I don’t know a whole lot about poetry, but I do have some
favorites. I usually say my very favorite
poem is The Lake Isle of Innisfree by
W. B. Yeats, but around here, the most commonly referenced poem is this one:
This Is Just to Say
I have eaten
the plums
that were in
the icebox
and which
you were probably
saving
for breakfast
Forgive me
they were delicious
so sweet
and so cold
William Carlos Williams
I first found this poem in my Norton Anthology
of Poetry, a book I have only because I was fortunate enough to hang around
with a bunch of English majors in college. When I was young and sincere and trying to learn guitar, I put
these words to a tune. It was an earnest
and spare song with harmony consisting of the four chords I had learned to play
on the guitar. The world is lucky that I can’t find it and that I gave up
trying to play guitar.
Now that I am older, this poem annoys me with its lack of
punctuation. Perhaps it just balances
out my overuse of punctuation.
Nevertheless, I do feel the poem is complete. It reminds me of my son’s English teachers
who would always respond to his spare prose on a written assignment with “I
need more.” Why? Son answered your question (in full
sentences, with punctuation!). i wonder if Billy Carlos Williams' teachers would have asked for more verbiage.
The Common Household finds no earnestness, but rather, high
spoofability, in this poem, especially when I am always unwittingly saying,
“Who ate the ____ that I was saving for dinner?!”
Here’s a variation written by Oldest Daughter when she was
12:
Yesterday, I broke the piano that you had been saving to teach with.
I’m sorry, but I was practicing
karate.
I’d regret it, but it was the
perfect target.
And I offer you this:
The poem
Which was in my
Norton Anthology of Poetry
And which
You were probably
Saving
For English class
Forgive me
It was so,
Well,
Spoofable.
It is probably wrong of me to post this on Shakespeare’s
birthday, but this is just proof that April is, in fact, the cruelest month.
Do you have a favorite poem? A favorite Earth Day Cake?
It was Earth Day yesterday. Here is Youngest Daughter's Earth Day Cake. It has nothing to do with this post. |
5 comments:
I often run across "favorite" poems, only to eventually forget them and run across others. Some of these are posted on FB by my younger brother, who has been writing & reciting his own peculiarly witty poetry for years.

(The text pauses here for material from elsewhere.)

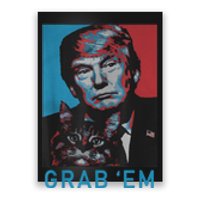 Funny Trump Cat Grab' Em Vintage Retro Trump Gift Poster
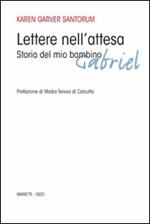 Lettere nell'attesa. Storia del mio bambino Gabriel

Here's one of his from last August that I like:
Though the billionaires
Had found a technicality,
A loop-hole, & (so cleverly)
Had made it into heaven...
Their self congratulation
Was abruptly cut short,
By the millions of souls,
There, they'd oppressed.
"You did not believe, when
I advised that you'd be happier
In hell." said their counsel, as
He headed back down stairs.
I always enjoyed that poem. When I was grade-school age, my parents gave me a wonderfully illustrated book of poems for children, and that one was in it. The book also has some fragments in it, for instance a few lines from Shakespeare, that end: "But doth suffer a sea-change
Into something rich and strange." My father quoted that when he wrote in the fly-leaf.
Also: "When I am dead, I hope it may be said: His sins were scarlet, but his books were read." And some poem about getting a single red rose, rather than a single Mercedes. Really, I discovered some wonderful poetry in that book, and I still have the book and read aloud from it to Emma. That, and my father reading T.S.Elliot's Practical Cats out loud are my best memories of poetry. Now I need to go read some poetry aloud!

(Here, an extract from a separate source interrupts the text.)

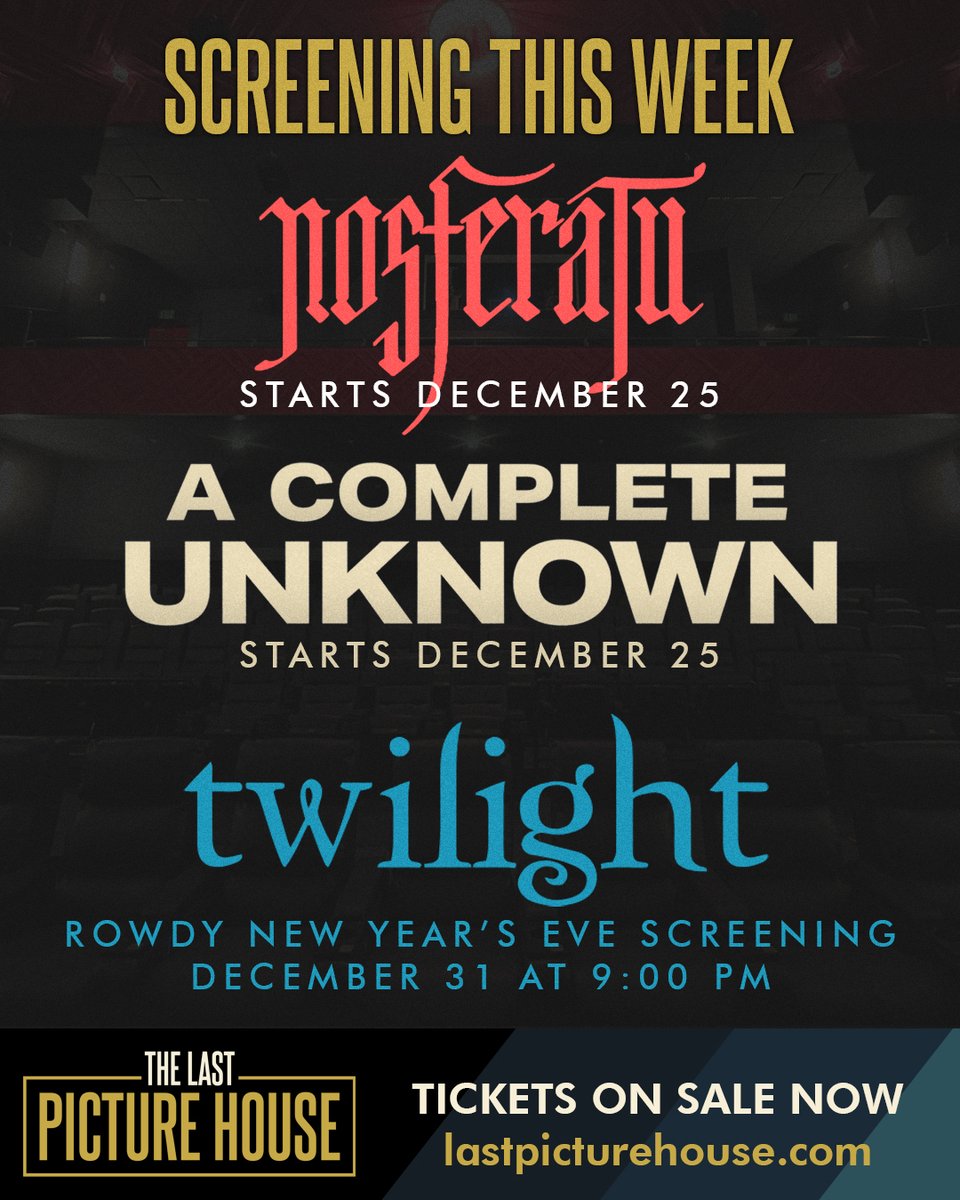 🎞️ Screening This Week at The Last Picture House 🎞️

@Doug - that's a great poem! It reminds me of parts of Revelation. I love that last great jab at the end.
@Cassi - my father also read 'Practical Cats' out loud. Great fun and good memories.

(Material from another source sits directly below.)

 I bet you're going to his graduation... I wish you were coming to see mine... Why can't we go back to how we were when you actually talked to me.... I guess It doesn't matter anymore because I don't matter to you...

I did my "junior Theme" (30 page writing assignment in high school) on Practical Cats! We had a record (remember those? of T.S. ELIOT READING THEM!!!!
Not poetry, but I particularly love all the epithets hurled about in Shakespeare's Richard III.
I also remember seeing (in a book of poems) some very odd tombstones. LIke this one:
Here lies Jonathan Pound
Who was lost at sea
And never found.
Like you, I prefer the spare poems, too. I'd forgotten that one--and I like your daughter's version just as much!